EXERCISE DIRECTIONS: All lines below containing the string "with" are to be copied.
[[ INFORMATION SHOWN open ]]
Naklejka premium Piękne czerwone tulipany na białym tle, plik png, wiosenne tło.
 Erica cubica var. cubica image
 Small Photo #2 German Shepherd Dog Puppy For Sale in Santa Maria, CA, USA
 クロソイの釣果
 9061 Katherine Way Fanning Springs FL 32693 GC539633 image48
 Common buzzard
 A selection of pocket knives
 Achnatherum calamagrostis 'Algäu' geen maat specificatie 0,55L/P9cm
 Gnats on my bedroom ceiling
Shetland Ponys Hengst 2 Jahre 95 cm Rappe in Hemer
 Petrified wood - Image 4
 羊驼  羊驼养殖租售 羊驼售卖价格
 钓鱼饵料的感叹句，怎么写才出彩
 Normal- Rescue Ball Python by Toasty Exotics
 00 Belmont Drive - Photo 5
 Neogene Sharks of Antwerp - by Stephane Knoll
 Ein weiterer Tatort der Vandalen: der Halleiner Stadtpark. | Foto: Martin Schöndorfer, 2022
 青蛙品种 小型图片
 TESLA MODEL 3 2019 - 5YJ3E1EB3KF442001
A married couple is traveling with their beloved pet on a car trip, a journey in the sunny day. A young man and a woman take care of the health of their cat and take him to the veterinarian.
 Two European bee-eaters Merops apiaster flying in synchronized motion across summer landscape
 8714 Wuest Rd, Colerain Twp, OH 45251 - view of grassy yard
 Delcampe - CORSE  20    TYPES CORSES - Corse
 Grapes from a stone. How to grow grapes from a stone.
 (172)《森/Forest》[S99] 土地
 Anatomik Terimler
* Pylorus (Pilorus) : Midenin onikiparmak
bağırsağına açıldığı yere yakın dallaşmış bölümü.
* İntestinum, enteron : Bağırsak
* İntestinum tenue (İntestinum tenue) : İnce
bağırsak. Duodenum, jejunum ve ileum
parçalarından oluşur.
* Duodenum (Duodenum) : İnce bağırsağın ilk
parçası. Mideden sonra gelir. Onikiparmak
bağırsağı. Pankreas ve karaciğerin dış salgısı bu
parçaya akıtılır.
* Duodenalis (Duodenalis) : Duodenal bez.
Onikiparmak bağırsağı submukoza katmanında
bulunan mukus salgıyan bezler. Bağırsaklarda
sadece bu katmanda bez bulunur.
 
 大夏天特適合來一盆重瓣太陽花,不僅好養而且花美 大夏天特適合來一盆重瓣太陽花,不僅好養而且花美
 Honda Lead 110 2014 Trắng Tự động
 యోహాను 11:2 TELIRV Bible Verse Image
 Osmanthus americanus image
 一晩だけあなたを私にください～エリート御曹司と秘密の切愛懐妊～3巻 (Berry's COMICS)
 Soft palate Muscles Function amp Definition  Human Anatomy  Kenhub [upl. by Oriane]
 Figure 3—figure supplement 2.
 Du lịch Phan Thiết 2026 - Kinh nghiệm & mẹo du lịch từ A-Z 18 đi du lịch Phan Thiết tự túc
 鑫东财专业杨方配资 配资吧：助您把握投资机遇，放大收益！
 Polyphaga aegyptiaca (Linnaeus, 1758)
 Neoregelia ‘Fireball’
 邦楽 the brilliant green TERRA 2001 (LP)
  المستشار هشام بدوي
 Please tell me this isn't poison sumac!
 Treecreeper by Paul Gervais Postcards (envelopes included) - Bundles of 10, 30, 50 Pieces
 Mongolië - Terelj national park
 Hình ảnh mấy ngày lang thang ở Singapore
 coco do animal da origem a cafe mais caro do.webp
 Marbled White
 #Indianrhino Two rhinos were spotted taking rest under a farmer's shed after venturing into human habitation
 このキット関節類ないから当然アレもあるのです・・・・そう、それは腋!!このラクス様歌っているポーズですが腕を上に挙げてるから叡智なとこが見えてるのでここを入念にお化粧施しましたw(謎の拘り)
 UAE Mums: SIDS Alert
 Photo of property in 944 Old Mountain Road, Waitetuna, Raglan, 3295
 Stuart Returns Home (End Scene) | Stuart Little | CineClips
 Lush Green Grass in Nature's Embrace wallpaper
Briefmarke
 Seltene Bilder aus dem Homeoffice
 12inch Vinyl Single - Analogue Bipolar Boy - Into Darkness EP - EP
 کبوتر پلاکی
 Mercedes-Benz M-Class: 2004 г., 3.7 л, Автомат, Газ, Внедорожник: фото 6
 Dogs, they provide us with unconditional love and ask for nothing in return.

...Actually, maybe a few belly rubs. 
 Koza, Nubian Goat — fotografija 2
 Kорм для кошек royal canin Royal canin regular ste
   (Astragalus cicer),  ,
[[ INFORMATION SHOWN closed ]]
COMPLETED TASK:
A married couple is traveling with their beloved pet on a car trip, a journey in the sunny day. A young man and a woman take care of the health of their cat and take him to the veterinarian.
 Dogs, they provide us with unconditional love and ask for nothing in return.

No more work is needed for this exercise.